Exeter was not the only city to be targeted. 400 people were killed in raids on Bath on two consecutive nights (25th + 26th April), during the raid the railway station was put out of action and communications severely affected. After the raids on Bath Goebbels reported that Hitler intended to “repeat these raids night after night until the English are sick and tired of terror attacks” and that he “shared [Goebbels’] opinion absolutely that cultural centres, health resorts and civilian centres must be attacked… there is no other way of bringing the English to their senses. They belong to a class of human beings with whom you can only talk after you have first knocked out their teeth.”

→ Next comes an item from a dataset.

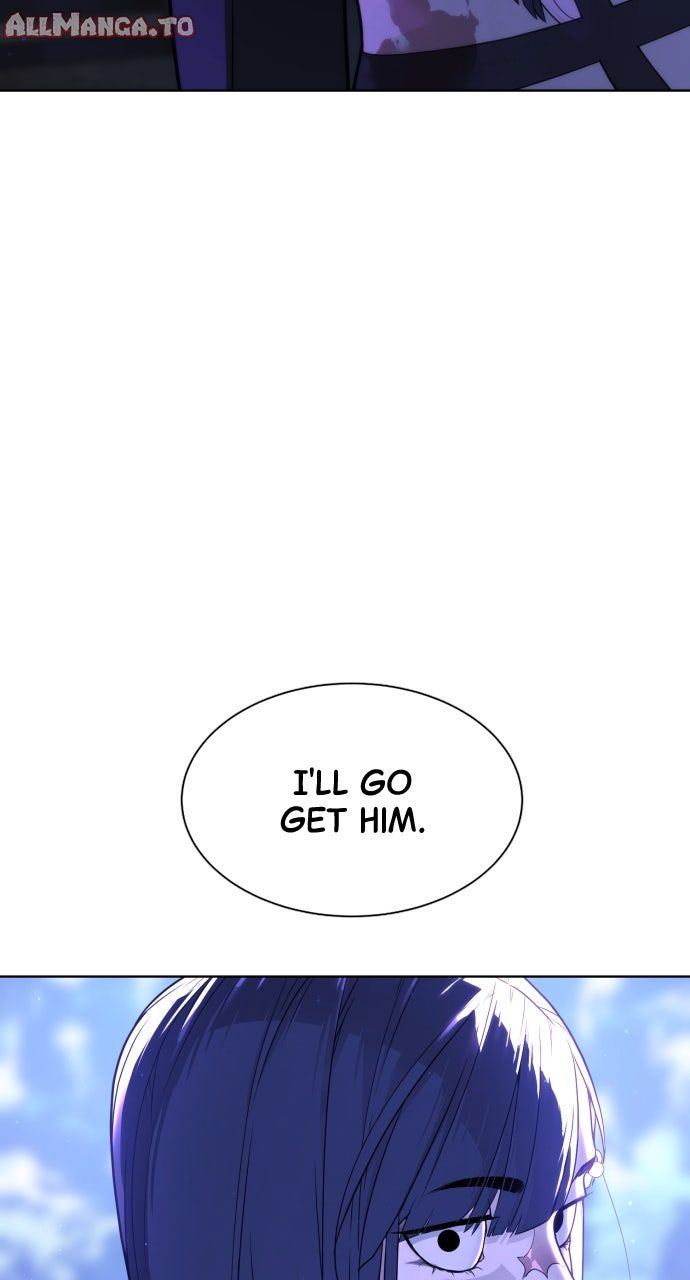Read Killer Pietro Manga Online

The 27th of April saw 90 tons of bombs dropped on Norwich; the city was attacked again on the 29th. In all, 222 people died during these raids on Norwich. It was the turn of York on 28th April when high explosive bombs and incendiaries caused a huge amount of damage, including the destruction of the medieval Guildhall. In May there were more raids on Cowes, Norwich, Hull, Poole, Grimsby and Canterbury. The RAF responded by sending 1,000 bombers in a massive raid on Cologne.
The German raids on historic cities in England during April and May 1942 were responsible for 1,637 civilian deaths and left another 1,760 injured. Over 50,000 homes were destroyed along with some important buildings such as the Bath Assembly Rooms and the Guildhall in York. But the raids did not cause as much damage as Hitler had hoped, and rather than breaking the morale of the British people it strengthened their resolve to defeat the enemy at all costs. German bomber losses were high and this, coupled with the need for Hitler to reinforce his troops in North Africa and Russia, resulted in a scaling back of attacks to hit-and-run raids on the coast. The Luftwaffe did occasionally raid towns and cities of historic and cultural importance in the months that followed (Ipswich, Poole, Norwich, Bristol, Swansea and Colchester), but these raids were much smaller (about 20 aircraft instead of 40+) and the damage was more limited; even so, by the end of the year over 3,230 people had been killed and 4,150 injured in German air raids on Britain. There were some attacks on towns of no military or strategic value in 1943, but by 1944 the Germans gave up their ‘Baedeker Raids’ as they were ineffective and the losses to the Luftwaffe were unsustainable. London once again became the target, along with the ports which Hitler believed would be used for the Allied invasion of Europe.
In my novel, Heronfield, Bath holds a special significance for two of the main characters, and it is through the eyes of Sarah that we see the significance of the bombings, and the resilience of the civilians whose resolve was strengthened rather than broken by the Baedeker Raids.